Home › Forums › AWS › AWS Certified Data Analytics – Specialty › Redshift DISTYLE KEY
-
Redshift DISTYLE KEY
-
Hi, I’d like to challenge the below question. The suggested answer is “Designate a DISTSTYLE KEY (destination) distribution for the Trips table and sort by delivery time” . However imagine you have imbalance of destinations (which is almost guaranteed – i.e. a city airport will be the most popular). All airport data will be stored on the same node and it’ll become a bottleneck. Whereas is you do even, each node will get more or less even load.
Here is AWS video that I refer https://www.youtube.com/watch?v=TFLoCLXulU0 (watch 13.30 onwards)
====
A food delivery service startup has thousands of riders that serve hundreds of thousands of customers every day. The number of users is expected to increase due to the effect of the pandemic. As a response, the company’s Data Analyst has decided to move the existing data to Amazon Redshift with the following schema:
A trips fact table that contains details about completed deliveries.
A riders dimension table for rider profiles.
A customer fact table for customer profiles.
The Data Analyst wants to evaluate profitability by analyzing the delivery date and time as well as the destination of each trip. The rider’s data almost don’t change while the customer’s data changes frequently.
How should the Data Analyst design the table to achieve optimal query performance?
- This discussion was modified 3 years ago by Klimok.
-
Hello Klimok,
Thanks for your feedback.
“All airport data will be stored on the same node and it’ll become a bottleneck”

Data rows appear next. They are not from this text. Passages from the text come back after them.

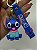 Chaveiro Stitch - Chiclete - Imagem 1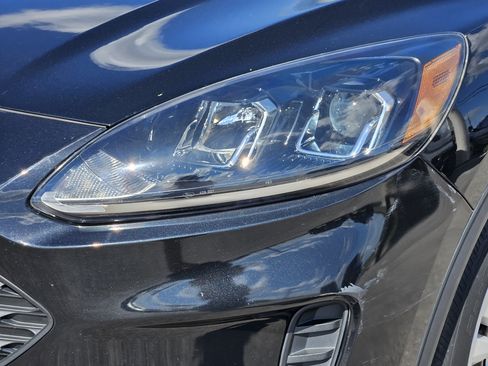 Used 2020 Ford Escape S FWD image 8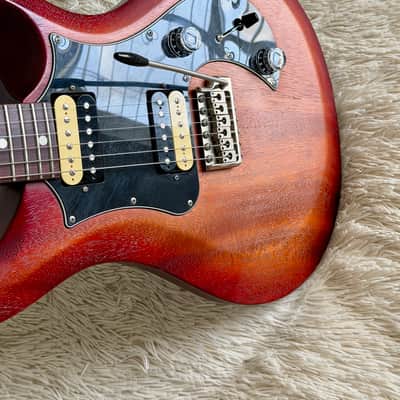 PRS S2 Standard 24 Satin Electric Guitar image 24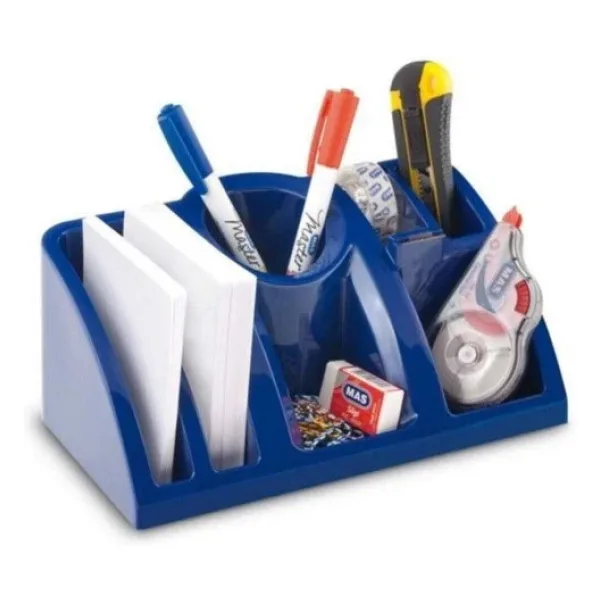 Mas 1438 Desk Organizer Maxi Masa Seti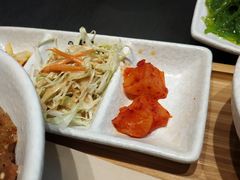 -熊吞·大碗丼烧肉饭(西市场嘉华店)
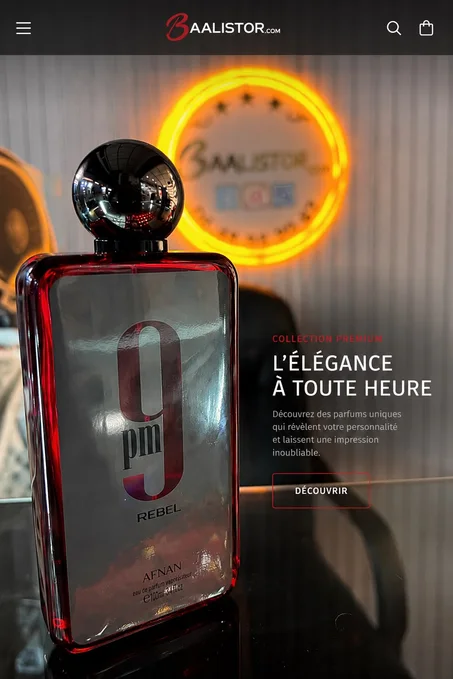 9PM REBEL 100 ML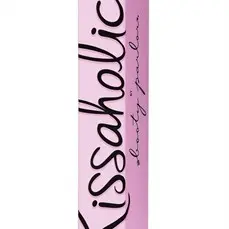 Kissaholic Aphrodisiac Plumping Lip Gloss - Sigh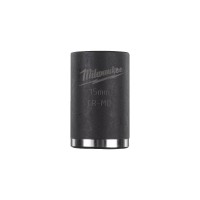 HEXAGON SOCKET ShW 3/8 SKT short 15mm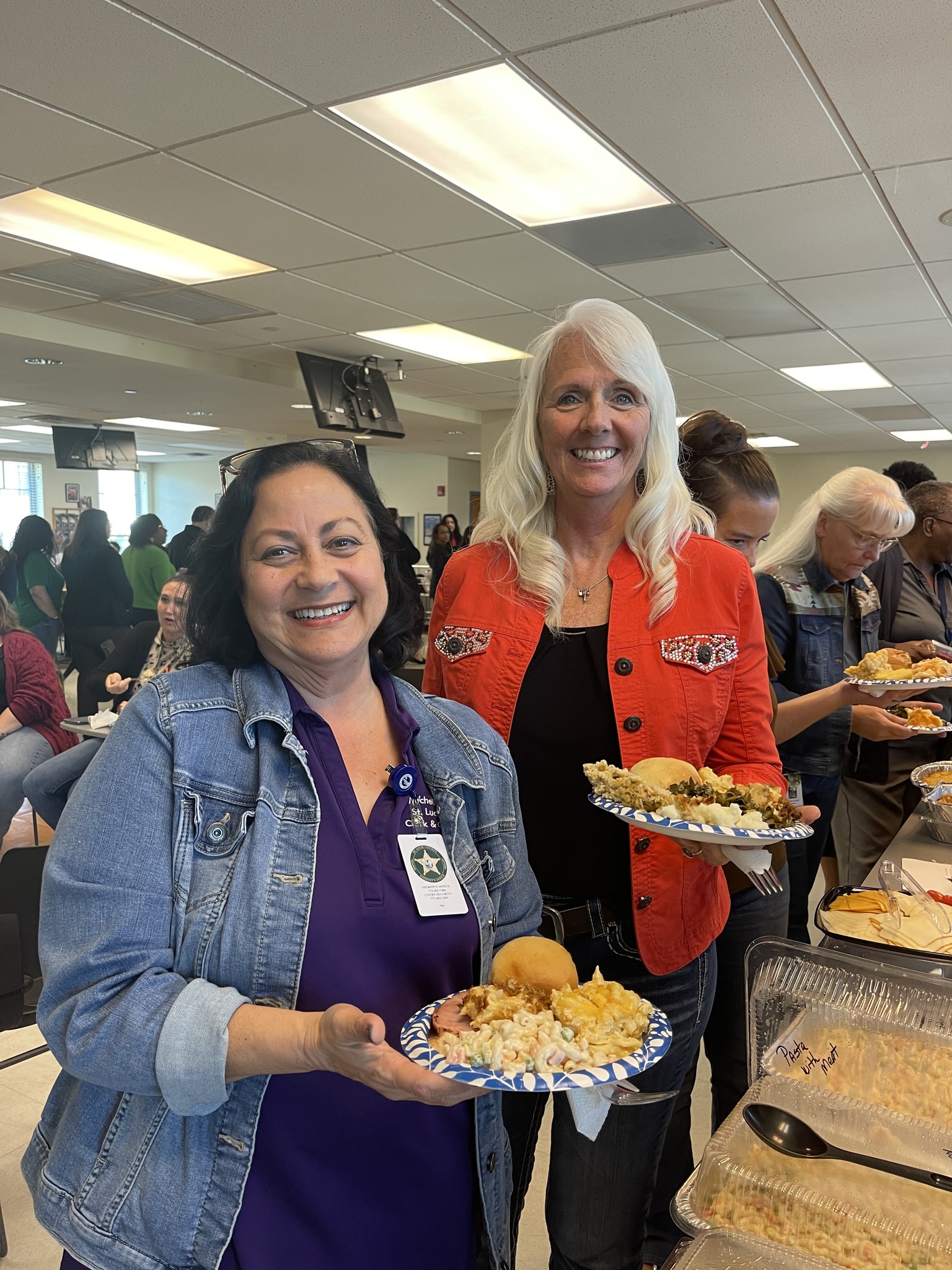 Michell... - Michelle R. Miller, St. Lucie Clerk & Comptroller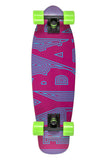 Load image into Gallery viewer, 27.5” Cruiser Complete Skateboards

>> DISTSTYLE KEY distributes data based on the DISTKEY values. Saying that all data will be stored on the same node means that you have data coming from exactly 1 person/entity, which is not usually the case for real-world data. Skewness in distribution can’t be totally eliminated so you should pick a DISTKEY value that would cause the least amount of skewness.
Queries with a DISTKEY/SORTKEY give better query performance than those without them. And you can’t do that with DISTYLE EVEN. DISTYLE EVEN does not care for column values. Imagine if you need to query data from a user. There’s a high chance that the user’s data is spread across different nodes, which may cause a network bottleneck because data must be aggregated from multiple compute nodes.
Let me know what you think.
Regards,
Carlo @ Tutorials Dojo
- This reply was modified 3 years ago by Carlo-TutorialsDojo.
-
Ok, thanks for explanations. If I understand you correctly, your point is that skewed KEY performance is still better than totally randomized EVEN.
The forum ‘AWS Certified Data Analytics – Specialty’ is closed to new discussions and replies.